Toplumda “içi dışı bir” şeklinde nitelendirilenler samimi insanlardır. Bu özelliği kendisinde barındıranların gönlündeki samimiyet davranışlarına yansımıştır. Ailesiyle, akrabalarıyla, arkadaş, dost ve tanıdıklarıyla aslında yolu kesişen herkesle samimiyet dolu bir iletişim kurabilenlerdir. Hayat yolculuğunda onların en yakın yoldaşı samimi niyetidir:

“Allah, ancak samimiyetle ve sadece kendi rızası gözetilerek yapılan ameli kabul eder.” (Nesâî, Cihâd, 24.)

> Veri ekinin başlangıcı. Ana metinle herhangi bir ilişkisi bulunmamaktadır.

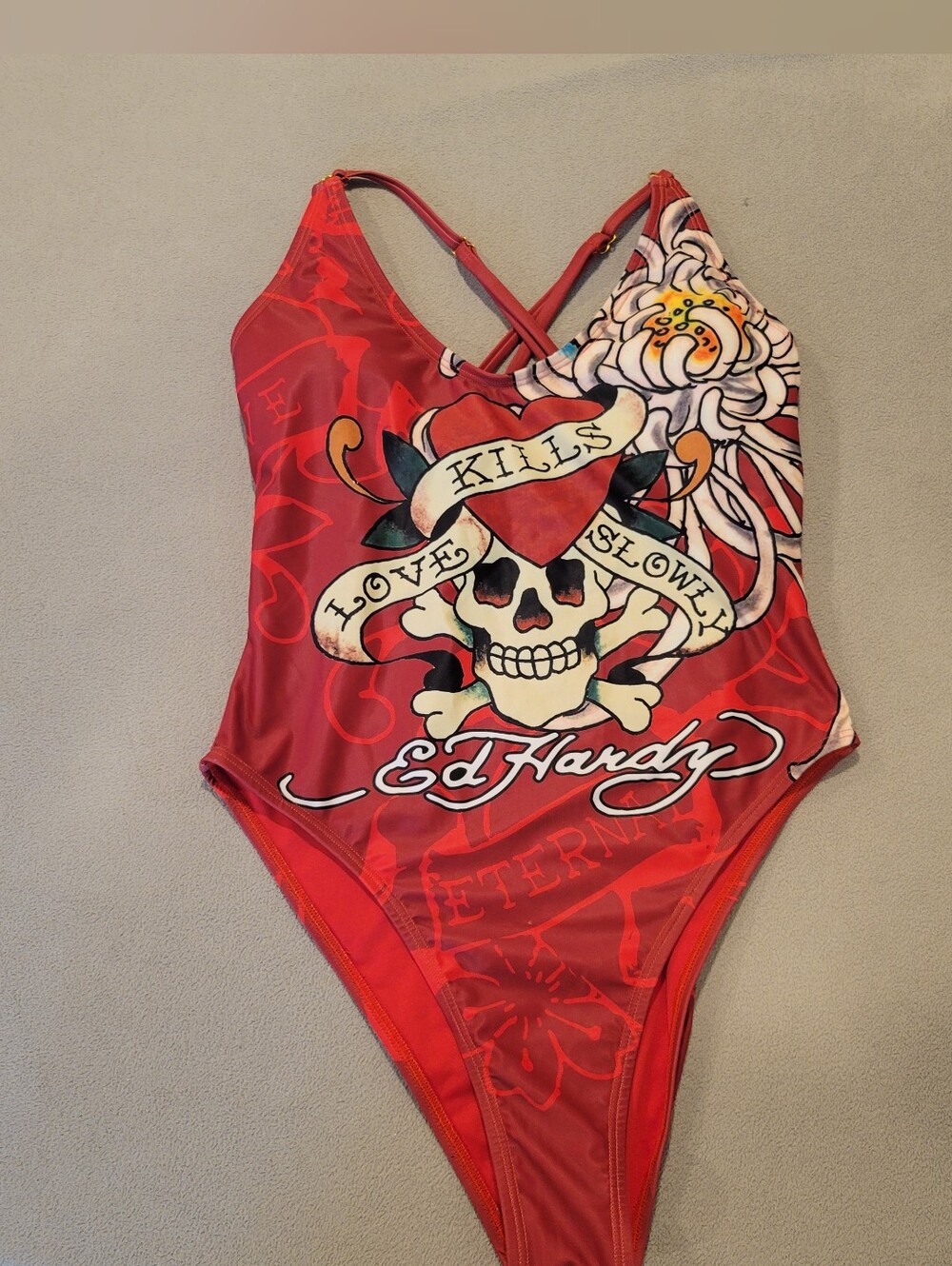 Ed Hardy Red One Piece Swimsuit Size Medium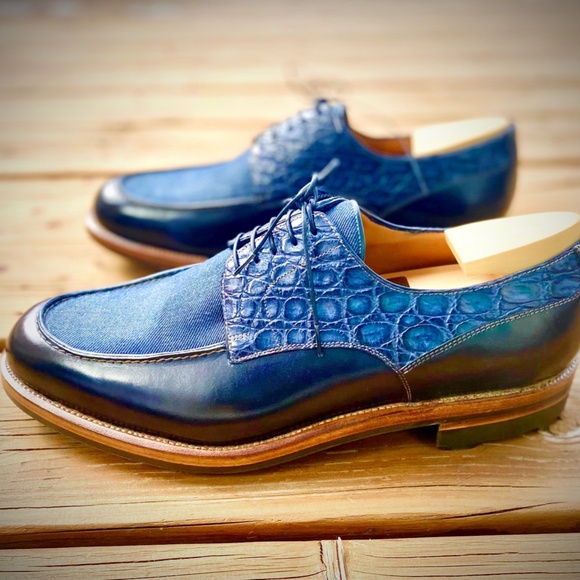 Maison Koly X Bonafe Solinta Derby Crocodile Denim Museum navy - Picture 2 of 4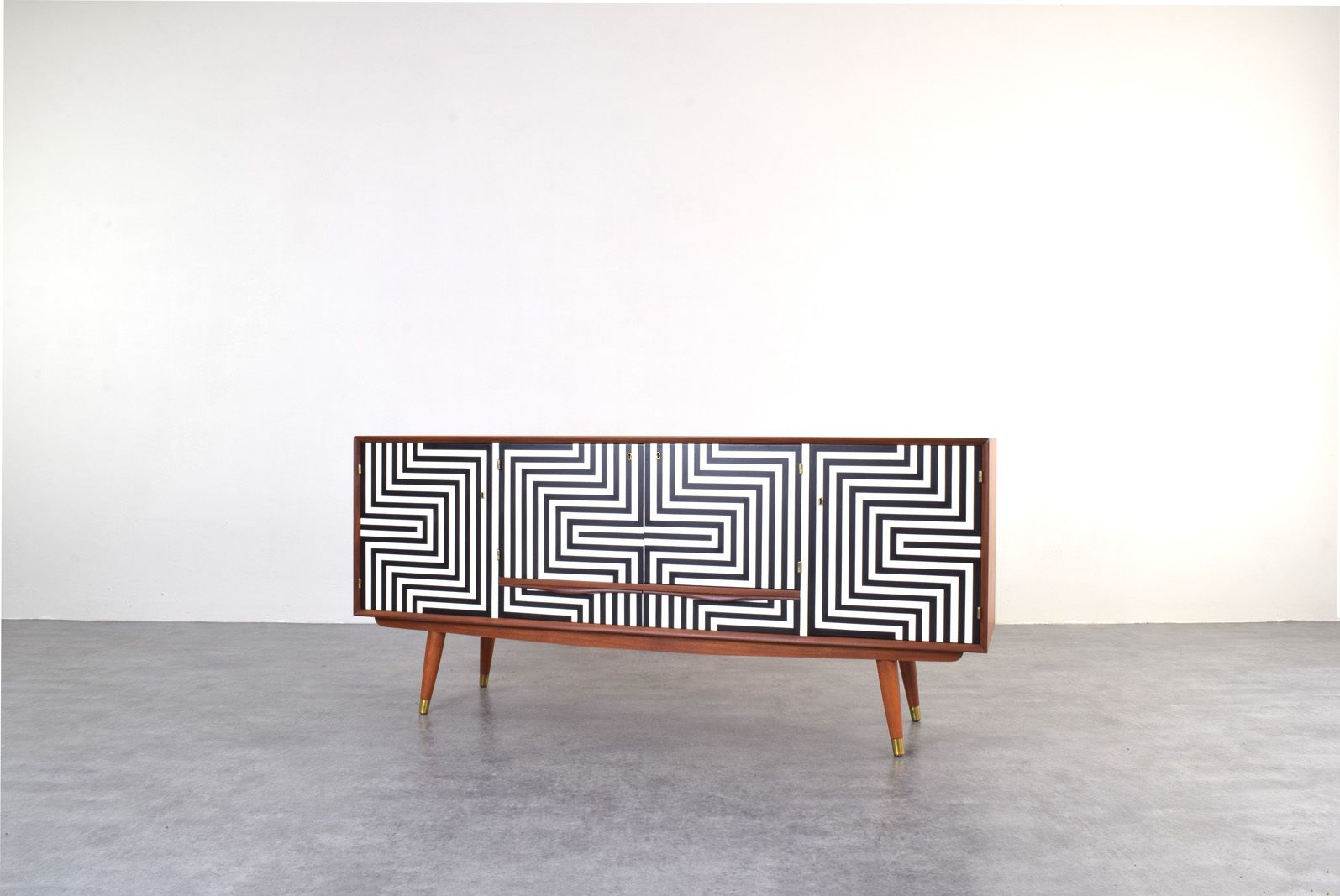 Mid Century Op Art Hand Painted Sideboard From Sven Andersen Møbelfabrikk, 1960s. photo Furniture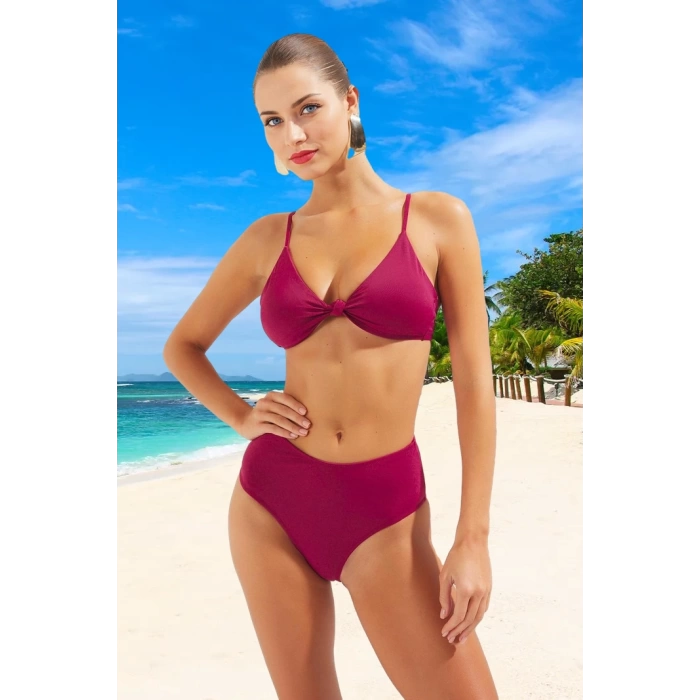 Desenli Üçgen Bikini Takımı Ergonomik Kesim Hızlı Kuruyan Premium Kalite Su Sporları İçin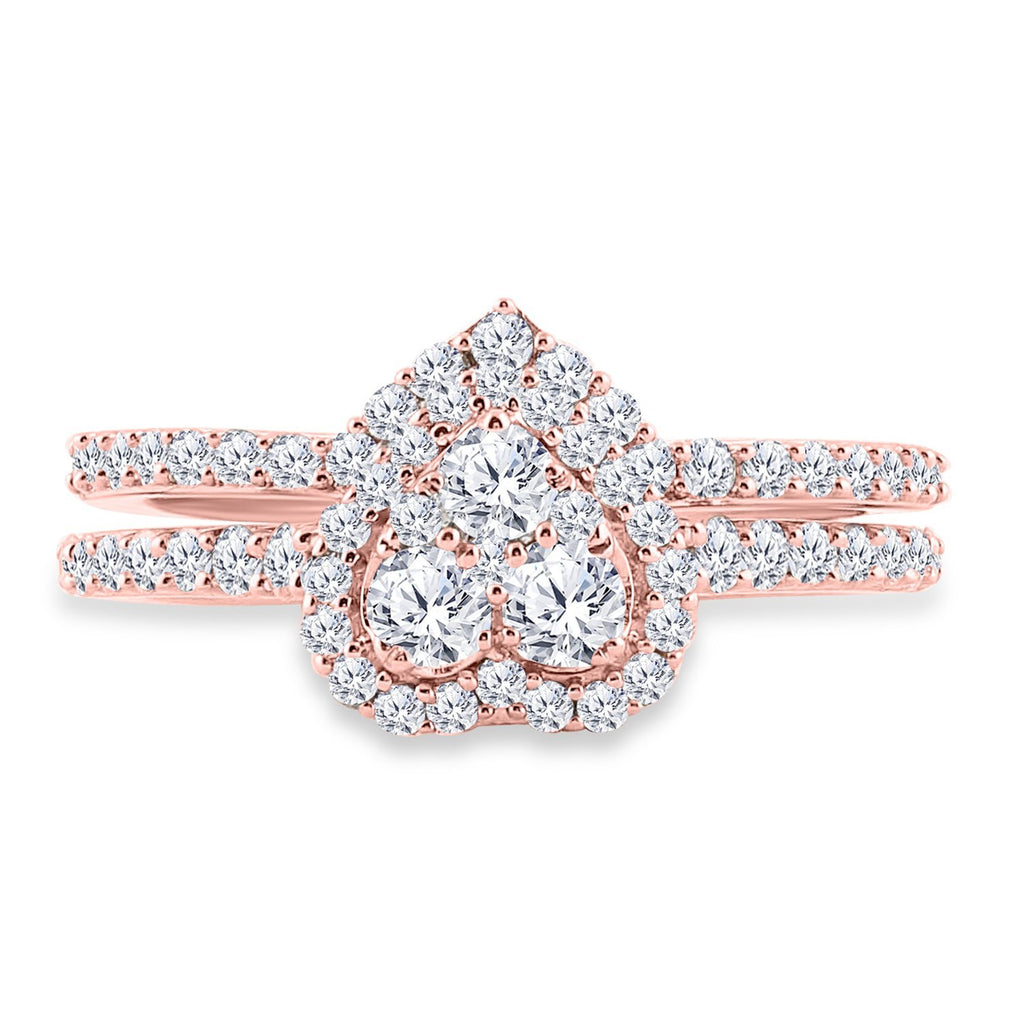 14kt Rose Gold Round Diamond Bridal Wedding Ring Band Set 1 Cttw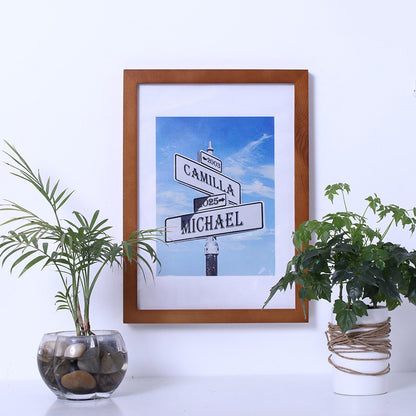 5 Year Anniversary Wood Frame Street Sign Painting with Double Names & Date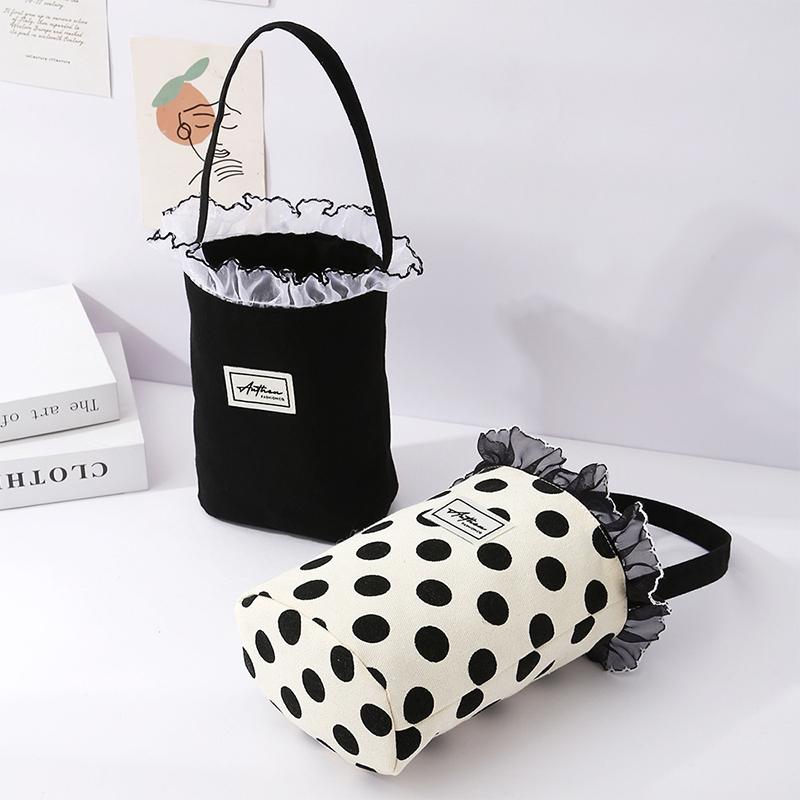 Корейский стиль кружева холст сумка милый сладкий темперамент сумки-ведра портативный пикник сумка для женщин девочек студент ланч сумка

Gayretli ve istikrarlıdır.

Allah’ın adaletine güvenenlerdir bu özellikleri kendilerinde barındıranlar. Bu dünyada adaletin tesis edilemediği zamanlarda da “Üzerime düşen nedir?” düşüncesiyle topluma faydalı olmak için çalışmaya ve üretmeye devam edenlerdir. Emeklerinin boşa gitmeyeceğine, karşılığının eksiksiz olarak kendilerine verileceğine inananlardır:

“Gerçek şu ki, iman edip iyi işler yapanlara gelince, elbette biz iyi iş yapanların ecrini zayi etmeyiz.” (Kehf, 18/30)

Pes etmez iyi insan, etmemelidir!

Zorluklar ya da engeller karşısında pes etmeyip yola devam edenlerdir onlar. Geçirdiği şubatları unutmadan hayallerini nice baharlar için kuranlardır. Yaşadığı mağduriyetleri yok saymayan, yok saydırmayan ama “mağdur” halde kalmayı da kabul etmeyenlerdir. Bulunduğu hali daha iyi hale getirmek için asla pes etmeden gayrete devam edenlerdir. Peygamberimizin ifadesiyle “canlılığını, diriliğini koruyan hurma ağacı gibi olan”, yaratılış gayesini unutmayanlardır. Hedefine henüz ulaşamasa da sürece odaklanan, en güzel mükafatı Rahim olan Allah’tan bekleyendir:

“Sabret! Çünkü, Allah iyilik edenlerin mükâfatını zayi etmez.” (Hûd, 11/115)

Kavli leyyin sahibidir.

İletişimde yumuşak ve ikna edici bir dil kullanır kavli leyyin olanlar. Nefesini hayır yolunda harcar ve muhatabının ibret alması için konuşurlar. Çözüm odaklı, muhatabını yargılamadan dinleyen, tebliğinden vazgeçmeyen ve doğrudan ayrılmadan kolaylaştıranlardır:

“Ona yumuşak söz söyleyin. Belki öğüt alır yahut korkar.” (Tâhâ, 20/44)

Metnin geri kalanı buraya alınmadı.